Don’t you just a love a potluck dinner? It’s such a great feeling to know you are in charge of just a small piece of the menu because others are bringing the rest.
We’re having good friends over tonight to watch
the language movie -- the one we missed by arriving an hour late to the lecture. But first the 6 of us will sit out on the deck enjoying the balmy spring weather and hopefully not inhaling too much pollen while we share food together.
The others made their offers -- a chicken-potato dish, an appetizer, asparagus, and white white. Almost a complete dinner except for dessert, which would be my responsibility.
Knowing I’m not the greatest cook when it comes to baking, I could have copped out and
-- Bought a dessert
-- Made a fruit salad
-- Made a fruit crisp
But no, I would instead decide to make a pie -- an apple-blueberry pie to be exact. I continue to try to make pies, even though long ago I realized I had not inherited my mother’s gene for perfect crusts.
I’m always good through the stage of making the pastry and chilling the dough in plastic wrap. This time I tried a combination of butter and vegetable shortening, after reading that this marries the flavor of butter with the flakiness of shortening.
It’s the rolling out and getting it into the pie plate in one piece that continues to allude me. This one was particularly stubborn, tearing from the onset and needing to be patched here and there after landing in several pieces. But knowing the filling hides a multitude, I simply patted it back together again and set it aside.
Instead of a top crust with air vents, I decided I wanted a lattice crust. I did learn upon rolling out the second ball of dough that a few minutes sitting outside the refrigerator improves its handling immensely. (File that away for the next pie attempt.)
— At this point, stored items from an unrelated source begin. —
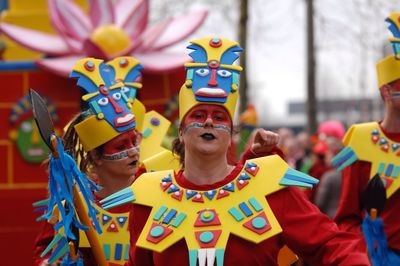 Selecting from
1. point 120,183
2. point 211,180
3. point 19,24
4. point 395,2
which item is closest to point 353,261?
point 211,180

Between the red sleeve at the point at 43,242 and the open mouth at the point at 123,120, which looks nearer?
the open mouth at the point at 123,120

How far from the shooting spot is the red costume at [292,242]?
12.6ft

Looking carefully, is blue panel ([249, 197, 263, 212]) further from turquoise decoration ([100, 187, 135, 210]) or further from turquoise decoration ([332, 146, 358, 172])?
turquoise decoration ([332, 146, 358, 172])

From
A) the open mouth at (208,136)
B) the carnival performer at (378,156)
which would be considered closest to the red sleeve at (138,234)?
the open mouth at (208,136)

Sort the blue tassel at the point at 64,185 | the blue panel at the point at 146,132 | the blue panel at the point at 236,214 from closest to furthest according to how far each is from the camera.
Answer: the blue panel at the point at 236,214
the blue tassel at the point at 64,185
the blue panel at the point at 146,132

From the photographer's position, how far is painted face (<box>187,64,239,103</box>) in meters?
4.18

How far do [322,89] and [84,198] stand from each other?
187 ft

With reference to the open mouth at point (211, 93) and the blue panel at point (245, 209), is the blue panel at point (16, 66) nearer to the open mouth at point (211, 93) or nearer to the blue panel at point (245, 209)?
the open mouth at point (211, 93)

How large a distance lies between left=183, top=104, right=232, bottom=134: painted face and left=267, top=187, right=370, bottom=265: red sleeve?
0.42 meters

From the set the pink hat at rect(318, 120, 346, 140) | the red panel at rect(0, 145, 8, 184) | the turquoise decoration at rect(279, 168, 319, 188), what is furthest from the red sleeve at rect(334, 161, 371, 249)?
the red panel at rect(0, 145, 8, 184)

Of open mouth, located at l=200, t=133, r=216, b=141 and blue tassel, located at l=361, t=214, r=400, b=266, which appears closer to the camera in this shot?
open mouth, located at l=200, t=133, r=216, b=141

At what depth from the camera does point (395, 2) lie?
617 inches

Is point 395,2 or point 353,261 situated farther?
point 395,2

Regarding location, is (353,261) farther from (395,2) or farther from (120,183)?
(395,2) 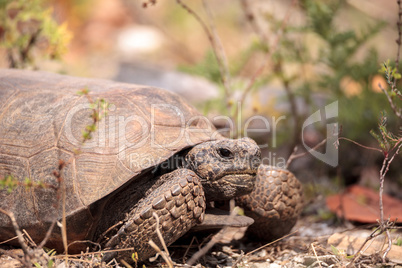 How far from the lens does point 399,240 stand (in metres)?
2.69

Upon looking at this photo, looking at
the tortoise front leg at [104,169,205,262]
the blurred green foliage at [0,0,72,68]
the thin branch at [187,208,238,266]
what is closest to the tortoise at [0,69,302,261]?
the tortoise front leg at [104,169,205,262]

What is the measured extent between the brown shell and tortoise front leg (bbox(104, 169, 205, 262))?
0.57 feet

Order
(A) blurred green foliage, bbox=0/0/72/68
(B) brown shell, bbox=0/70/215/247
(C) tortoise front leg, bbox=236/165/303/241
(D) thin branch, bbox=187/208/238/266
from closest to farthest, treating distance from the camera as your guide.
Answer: (D) thin branch, bbox=187/208/238/266 → (B) brown shell, bbox=0/70/215/247 → (C) tortoise front leg, bbox=236/165/303/241 → (A) blurred green foliage, bbox=0/0/72/68

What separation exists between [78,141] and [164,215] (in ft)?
2.21

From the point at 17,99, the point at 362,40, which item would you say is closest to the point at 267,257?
the point at 17,99

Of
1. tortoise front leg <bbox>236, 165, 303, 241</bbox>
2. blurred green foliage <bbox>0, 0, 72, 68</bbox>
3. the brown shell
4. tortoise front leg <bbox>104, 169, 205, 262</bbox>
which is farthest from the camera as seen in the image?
blurred green foliage <bbox>0, 0, 72, 68</bbox>

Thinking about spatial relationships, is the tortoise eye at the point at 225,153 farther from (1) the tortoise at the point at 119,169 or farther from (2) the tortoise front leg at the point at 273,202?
(2) the tortoise front leg at the point at 273,202

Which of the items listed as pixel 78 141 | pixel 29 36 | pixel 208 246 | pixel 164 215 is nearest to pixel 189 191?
pixel 164 215

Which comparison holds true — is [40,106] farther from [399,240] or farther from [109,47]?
[109,47]

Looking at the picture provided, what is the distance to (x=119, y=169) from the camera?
7.47 feet

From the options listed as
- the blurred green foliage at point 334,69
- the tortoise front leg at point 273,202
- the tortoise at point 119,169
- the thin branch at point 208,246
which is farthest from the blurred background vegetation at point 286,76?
the thin branch at point 208,246

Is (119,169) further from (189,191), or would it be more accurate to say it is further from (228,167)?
(228,167)

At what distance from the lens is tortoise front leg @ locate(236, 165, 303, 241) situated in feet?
8.85

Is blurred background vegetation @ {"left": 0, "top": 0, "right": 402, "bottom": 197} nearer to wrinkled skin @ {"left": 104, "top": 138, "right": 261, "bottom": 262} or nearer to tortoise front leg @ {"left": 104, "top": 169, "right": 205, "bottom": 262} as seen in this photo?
wrinkled skin @ {"left": 104, "top": 138, "right": 261, "bottom": 262}
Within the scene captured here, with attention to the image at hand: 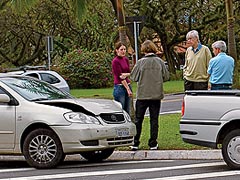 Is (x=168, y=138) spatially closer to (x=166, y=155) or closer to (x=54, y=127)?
(x=166, y=155)

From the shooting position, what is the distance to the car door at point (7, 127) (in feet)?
33.2

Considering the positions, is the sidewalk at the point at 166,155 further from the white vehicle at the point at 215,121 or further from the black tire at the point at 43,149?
the black tire at the point at 43,149

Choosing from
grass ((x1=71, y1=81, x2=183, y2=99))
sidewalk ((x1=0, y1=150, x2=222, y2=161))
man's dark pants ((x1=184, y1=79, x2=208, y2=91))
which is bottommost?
sidewalk ((x1=0, y1=150, x2=222, y2=161))

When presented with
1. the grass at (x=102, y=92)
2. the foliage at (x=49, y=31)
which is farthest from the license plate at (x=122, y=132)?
the foliage at (x=49, y=31)

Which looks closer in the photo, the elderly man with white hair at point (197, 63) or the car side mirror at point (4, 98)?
the car side mirror at point (4, 98)

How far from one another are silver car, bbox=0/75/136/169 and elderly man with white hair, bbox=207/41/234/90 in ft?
5.73

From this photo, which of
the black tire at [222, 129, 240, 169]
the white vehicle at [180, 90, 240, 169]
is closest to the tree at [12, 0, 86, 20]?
the white vehicle at [180, 90, 240, 169]

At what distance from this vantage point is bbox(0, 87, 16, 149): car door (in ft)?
33.2

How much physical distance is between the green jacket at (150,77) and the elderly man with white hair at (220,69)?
33.0 inches

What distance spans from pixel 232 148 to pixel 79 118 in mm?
2464

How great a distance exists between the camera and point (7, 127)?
1015cm

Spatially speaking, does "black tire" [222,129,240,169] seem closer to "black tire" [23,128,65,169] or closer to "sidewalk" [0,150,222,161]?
"sidewalk" [0,150,222,161]

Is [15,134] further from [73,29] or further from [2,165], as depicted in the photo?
[73,29]

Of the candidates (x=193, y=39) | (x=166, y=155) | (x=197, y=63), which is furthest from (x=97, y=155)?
(x=193, y=39) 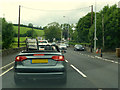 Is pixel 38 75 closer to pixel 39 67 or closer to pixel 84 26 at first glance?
pixel 39 67

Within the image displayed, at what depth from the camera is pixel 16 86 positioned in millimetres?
6215

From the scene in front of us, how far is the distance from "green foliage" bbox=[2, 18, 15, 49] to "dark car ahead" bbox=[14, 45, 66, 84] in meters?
21.5

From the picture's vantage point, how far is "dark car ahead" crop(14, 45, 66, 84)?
558 cm

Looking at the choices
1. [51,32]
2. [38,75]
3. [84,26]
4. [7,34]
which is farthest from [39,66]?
[51,32]

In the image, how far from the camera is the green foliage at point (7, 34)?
26.6 meters

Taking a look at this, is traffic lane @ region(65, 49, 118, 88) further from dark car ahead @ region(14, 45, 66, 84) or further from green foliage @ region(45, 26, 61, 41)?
green foliage @ region(45, 26, 61, 41)

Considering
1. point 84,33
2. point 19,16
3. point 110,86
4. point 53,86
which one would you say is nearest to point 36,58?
point 53,86

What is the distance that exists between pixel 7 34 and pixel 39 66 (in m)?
22.5

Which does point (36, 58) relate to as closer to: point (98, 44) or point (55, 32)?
point (98, 44)

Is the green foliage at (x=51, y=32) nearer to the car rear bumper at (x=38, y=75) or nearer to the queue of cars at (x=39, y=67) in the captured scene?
the queue of cars at (x=39, y=67)

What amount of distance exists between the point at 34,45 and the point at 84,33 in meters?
34.8

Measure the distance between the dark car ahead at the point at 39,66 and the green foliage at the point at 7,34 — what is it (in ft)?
70.5

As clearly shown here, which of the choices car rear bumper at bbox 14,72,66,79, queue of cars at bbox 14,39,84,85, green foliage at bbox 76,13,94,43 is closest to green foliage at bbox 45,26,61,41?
green foliage at bbox 76,13,94,43

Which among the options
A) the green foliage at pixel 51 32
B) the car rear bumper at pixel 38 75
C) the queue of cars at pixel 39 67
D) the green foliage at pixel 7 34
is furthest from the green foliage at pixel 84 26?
the car rear bumper at pixel 38 75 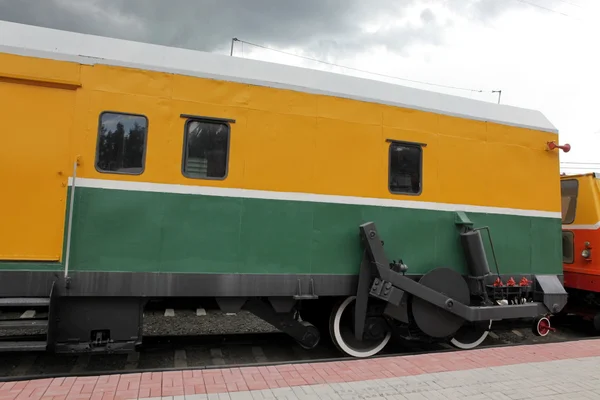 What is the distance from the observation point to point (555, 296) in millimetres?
6410

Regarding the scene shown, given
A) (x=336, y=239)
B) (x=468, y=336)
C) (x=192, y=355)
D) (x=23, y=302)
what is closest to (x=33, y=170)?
(x=23, y=302)

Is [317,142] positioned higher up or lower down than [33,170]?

I decided to construct my lattice on a piece of parchment paper and then just flip it onto the top of the filled pie. I took this picture just in case it didn’t land so well.
But it actually worked.
I like a pie that has that brown sheen on top, so I added an egg wash before popping it in the oven. The pie is now in the cooking until the fruit is juicy and the crust is nicely browned.
Who knows how it will taste? But I can't imagine how anything made with fresh fruit, butter, sugar, and cinnamon could be too bad!
Here’s the somewhat modified recipe in case you want to try it:
Apple Blueberry Pie
Ingredients
-- 2-3 large apples, peeled, cored, and sliced 1/4” thick
-- 2 small containers of blueberries
-- A generous 1/2 cup of sugar
-- 3 T. flour
-- Juice from half a lemon
-- 1/2 t. ground cinnamon
-- Pinch of salt
-- 3 T. butter, cut into small bits
-- Pie dough for 2 9-inch crusts
-- 1 egg
Preheat oven to 425 degrees F. In a bowl combine the apples, blueberries, sugar, flour, lemon juice, cinnamon, and salt. Mix well. (This picture is before I decided to add a second container of blueberries.)
Place fruit mixture in a pie dish lined with a bottom crust. Dot with the butter. Cover with the other pie crust or a lattice crust. Mix the egg yolk with a small amount of water and brush over the top crust.
Bake at 425 degrees for 40 minutes. Add vents if you opted for the non-lattice crust. Continue cooking at 350 degrees until the fruit is tender and the crust is nicely browned.